> **LISTED RECORDS**
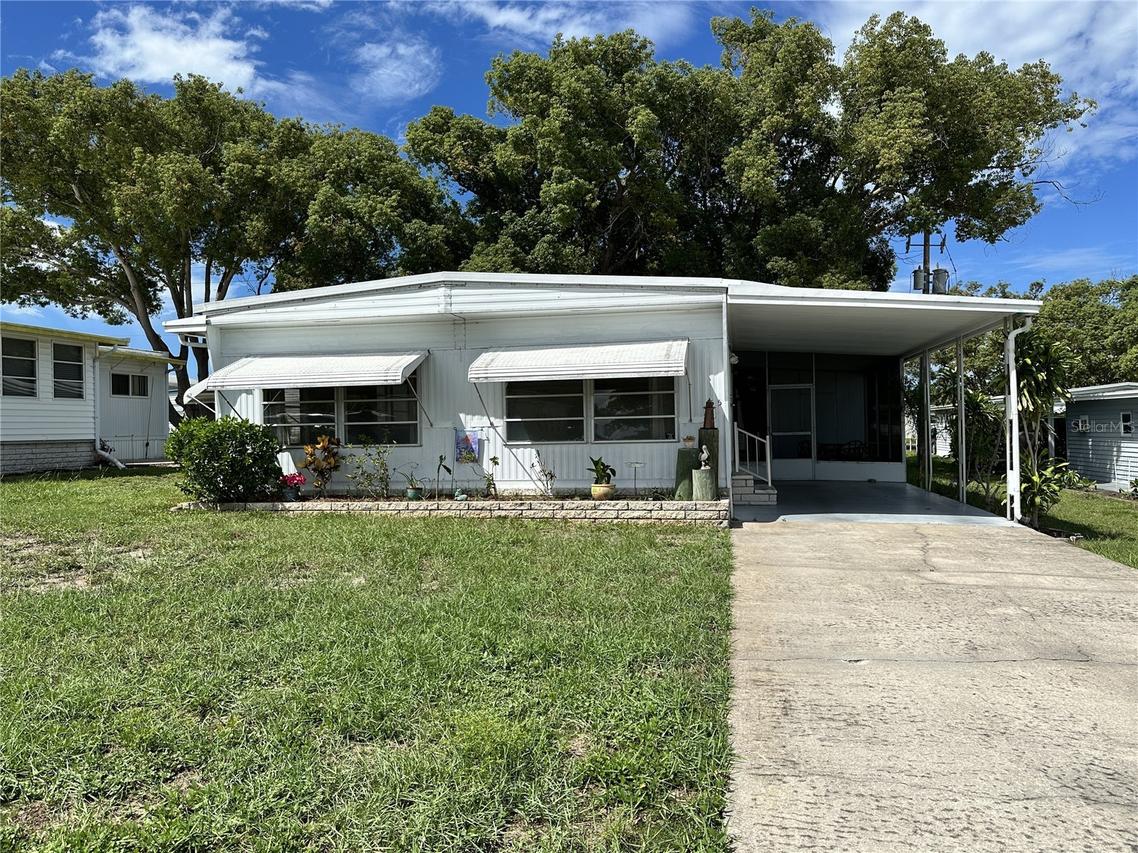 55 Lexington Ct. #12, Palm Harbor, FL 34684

---

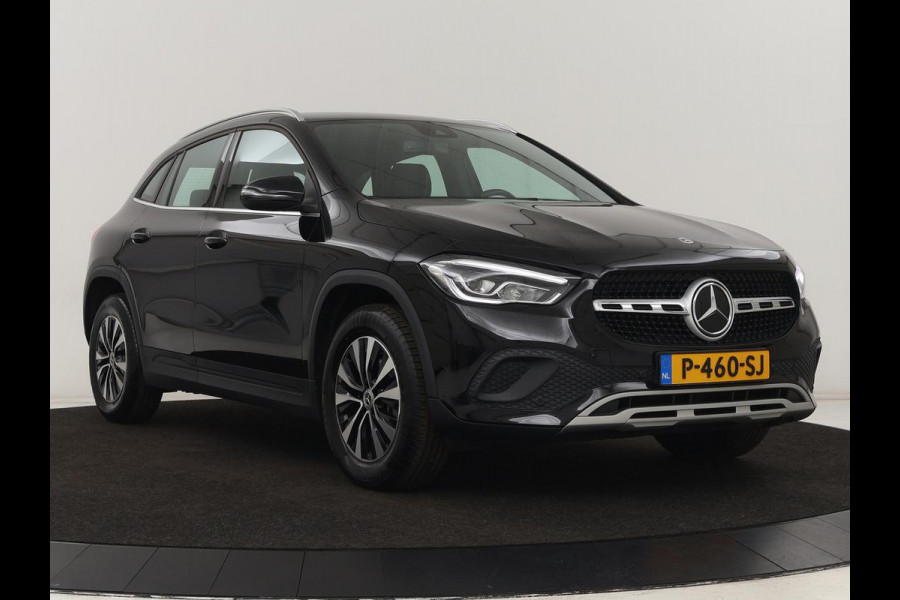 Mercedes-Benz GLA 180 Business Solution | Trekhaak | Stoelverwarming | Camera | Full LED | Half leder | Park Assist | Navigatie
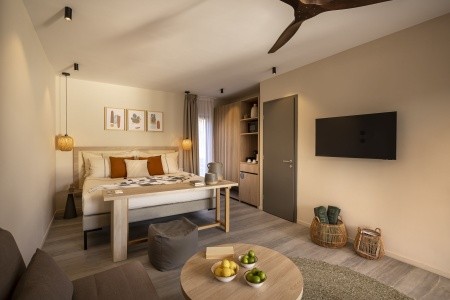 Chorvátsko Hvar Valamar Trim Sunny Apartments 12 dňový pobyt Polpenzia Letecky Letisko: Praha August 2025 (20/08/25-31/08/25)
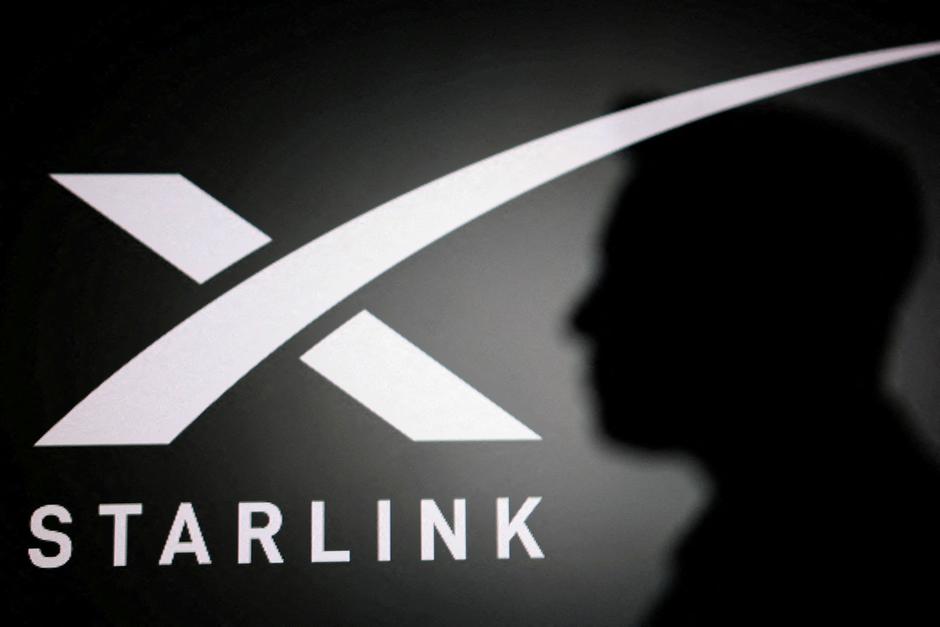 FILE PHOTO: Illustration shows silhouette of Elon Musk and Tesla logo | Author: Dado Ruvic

---

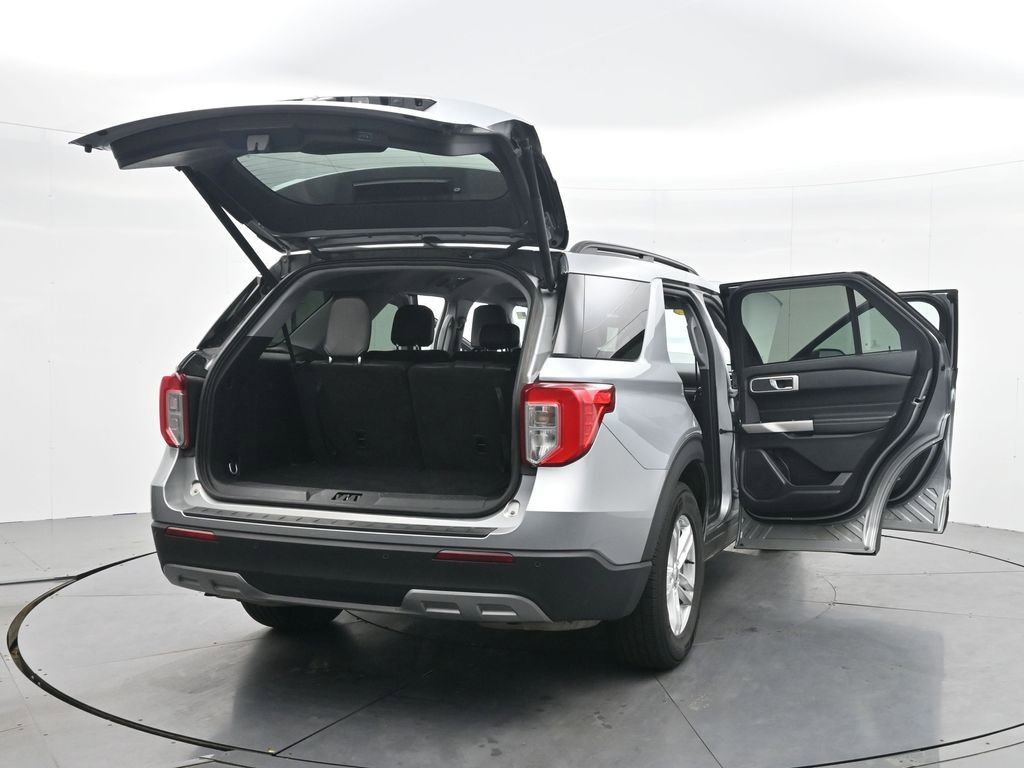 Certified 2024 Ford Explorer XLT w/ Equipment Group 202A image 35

> **EXERCISE DETAILS**
Output only the stretch above from the line with "Mercedes-Benz GLA 180" through the line with "FILE PHOTO: Illustration", reproduced exactly. Exclude pictures.

> **COMPLETED TASK**
 Mercedes-Benz GLA 180 Business Solution | Trekhaak | Stoelverwarming | Camera | Full LED | Half leder | Park Assist | Navigatie
 Chorvátsko Hvar Valamar Trim Sunny Apartments 12 dňový pobyt Polpenzia Letecky Letisko: Praha August 2025 (20/08/25-31/08/25)
 FILE PHOTO: Illustration shows silhouette of Elon Musk and Tesla logo | Author: Dado Ruvic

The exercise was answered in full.